Dear Editor,

Dear Editor, I enjoyed reading the article on "Address Authentication" in the March 2013 edition of The Internet Protocol Journal (Volume 16, No. 1), but I couldn't help thinking to myself how the widespread adoption of the use of IPv6 Privacy Addresses (RFC 4941) would affect some of the assertions in the article about the relative merits of using IPv6 addresses for authentication. With both Microsoft and Apple operating systems now implementing IPv6 Privacy Addresses, it is now effectively impossible for any user authentication service to assume that a presented IPv6 address is going to remain constant over time. It is probably safer to assume that such IPv6 addresses are in fact not constant at all, and not to use them in any context of authentication. Given that the widespread use of NATs in IPv4 leads one to the same basic conclusion about using IPv4 addresses for authentication, isn't the best advice these days to avoid "Address Authentication" as it is applied to Internet end users?

Regards,

—Geoff Huston
gih@apnic.net

The author responds:

I agree with Geoff's comments. My article explores the idea that IPv6 may be more "trustworthy," but it concludes by recommending against using any IP address as a form of authentication.

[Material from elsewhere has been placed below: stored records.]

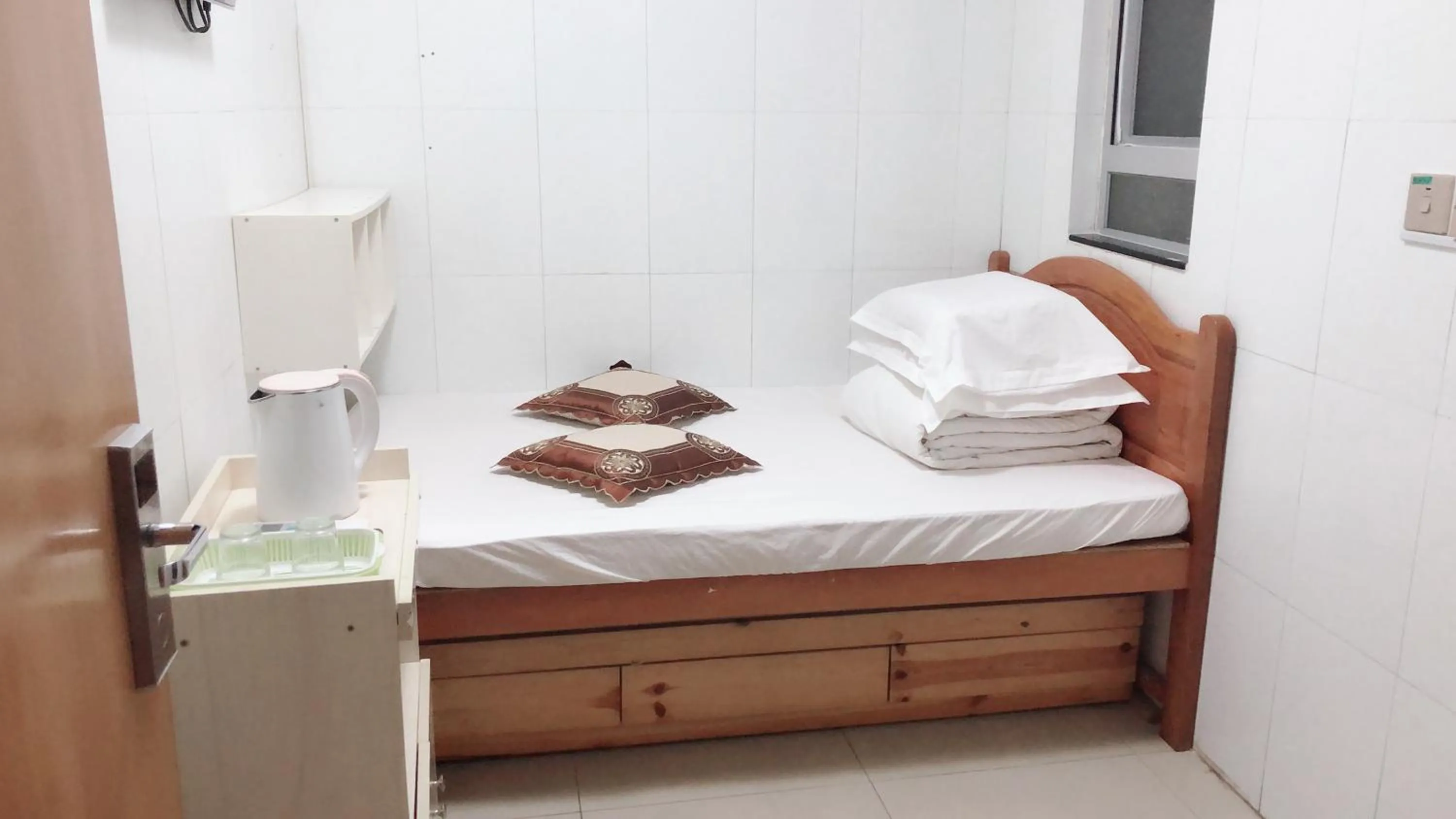 Bed in Hung Fai Guest House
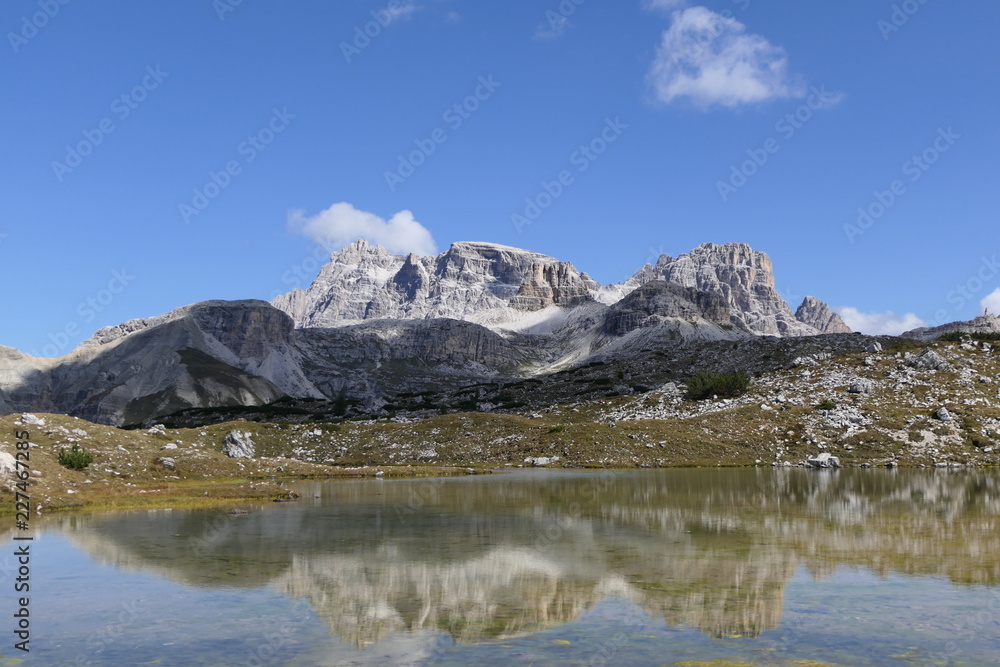 Mountains and lakes in a wonderful landscape. A mountain range is reflected in a lake. Blue sky with some clouds casting their shadows on the hills. No person is visible.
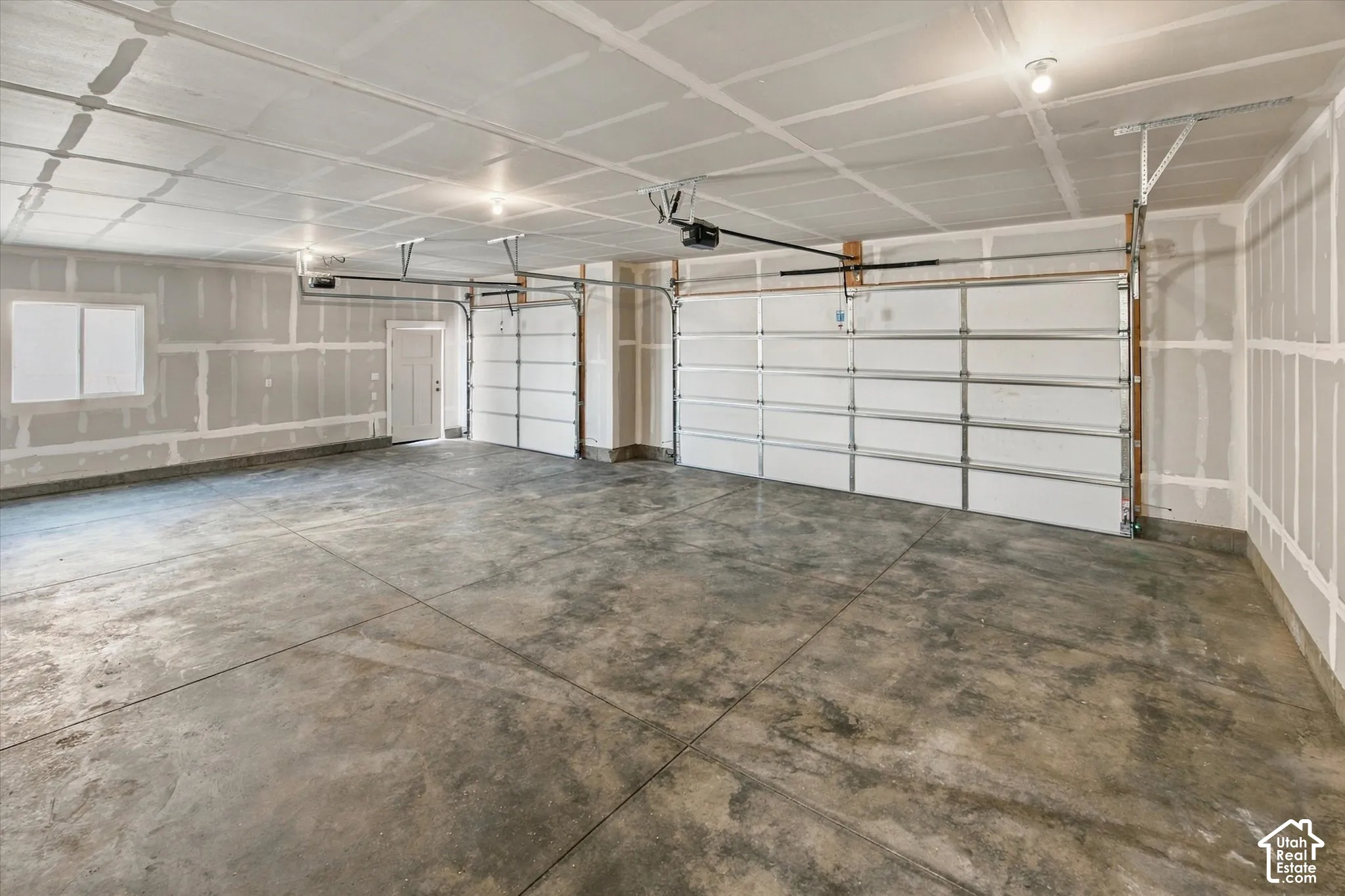Expansive garage with concrete flooring, two overhead doors, a window, and an interior access door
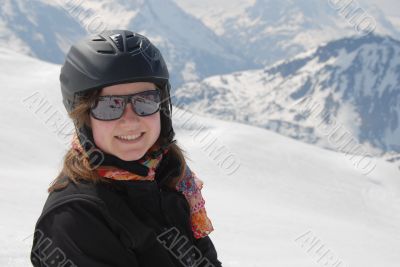 Young woman in ski clothes - mountains in the background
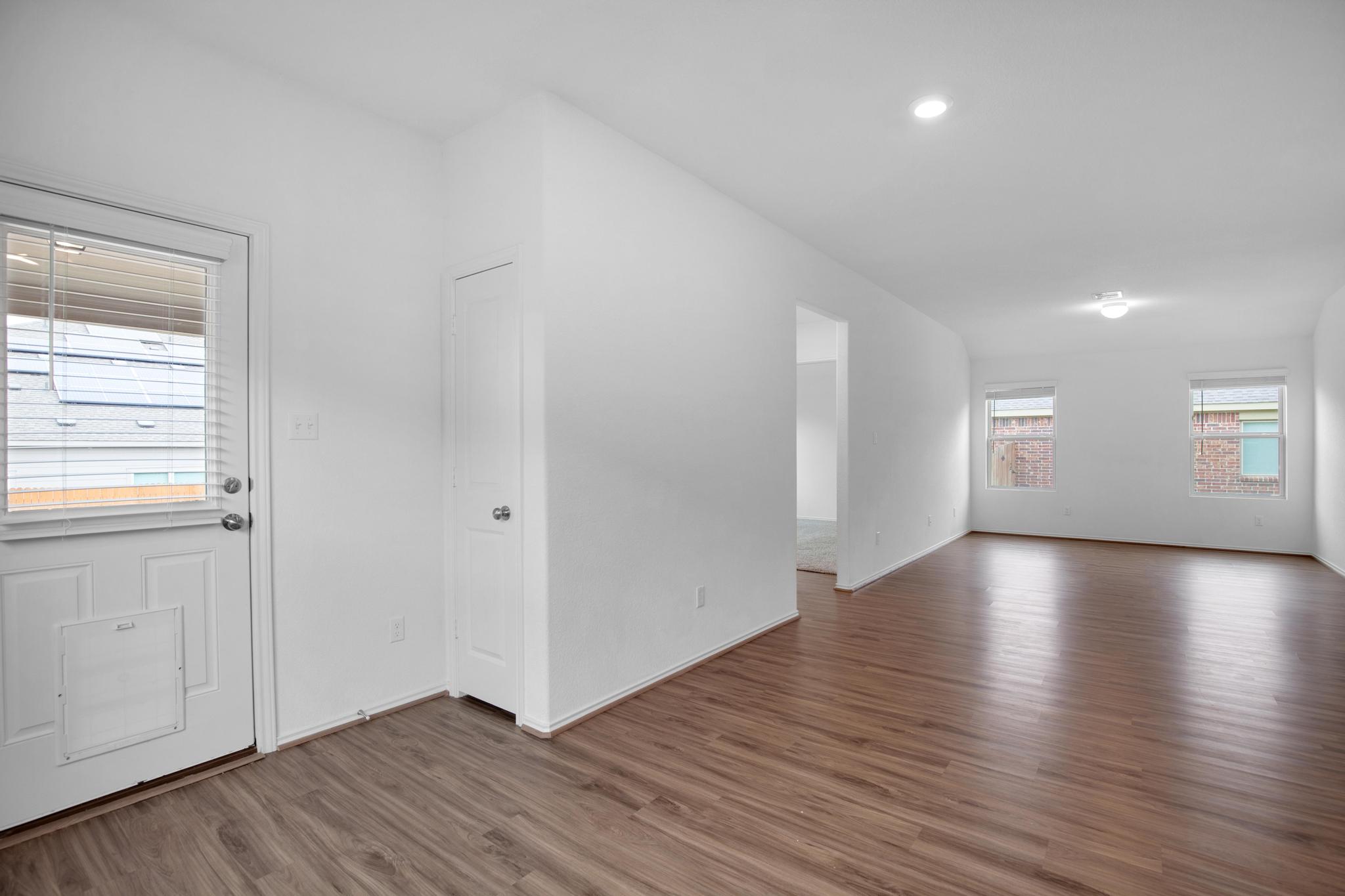 21409 Resource Road Pflugerville, TX 78660 - Photo 7 of 23 Foyer featuring wood finished floors and recessed lighting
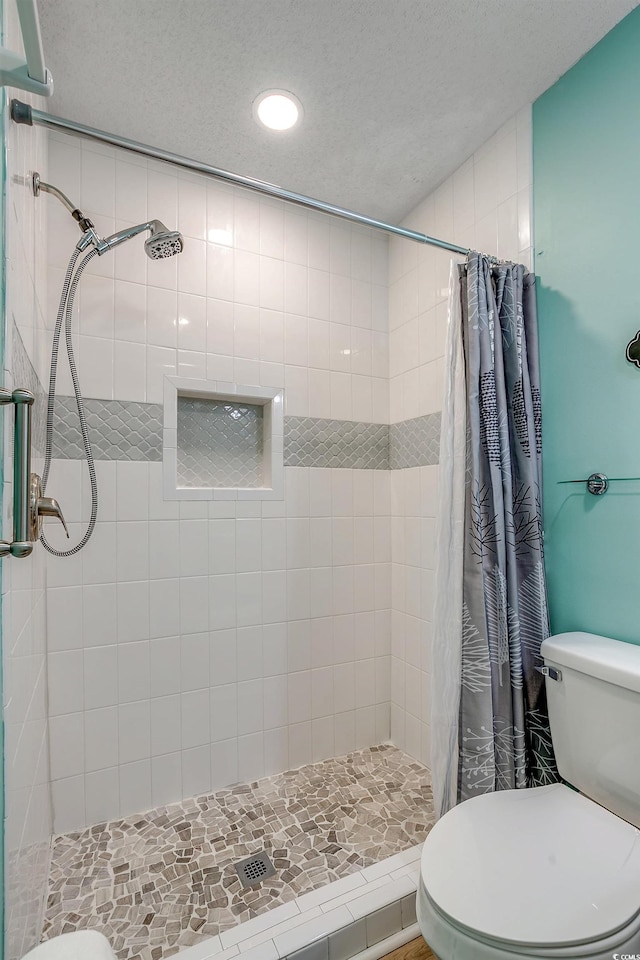 bathroom featuring a shower with shower curtain, a textured ceiling, and toilet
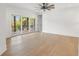 Bright and airy bedroom with hardwood floors and access to balcony at 2200 N Glenwood Dr, Tampa, FL 33602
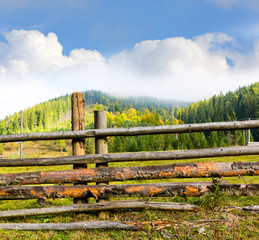 wooden fence on mountain meadow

IPv4 addresses will be far less "trustworthy" with the introduction of Carrier-Grade NATs or Large-Scale NATs. We will not be able to trust IPv6 addresses if the interface identifier changes frequently. My expectation is that most enterprises would prefer Dynamic Host Configuration Protocol for IPv6 (DHCPv6) with randomized interface identifiers, but most broadband Internet access subscribers will use a Customer Premises Equipment (CPE) that uses Stateless Address Autoconfiguration (SLAAC) and Stateless DHCPv6. IPv6 offers the ability to perform traceback to the /64 subnet level. That feature is only slightly better than IPv4 traceback.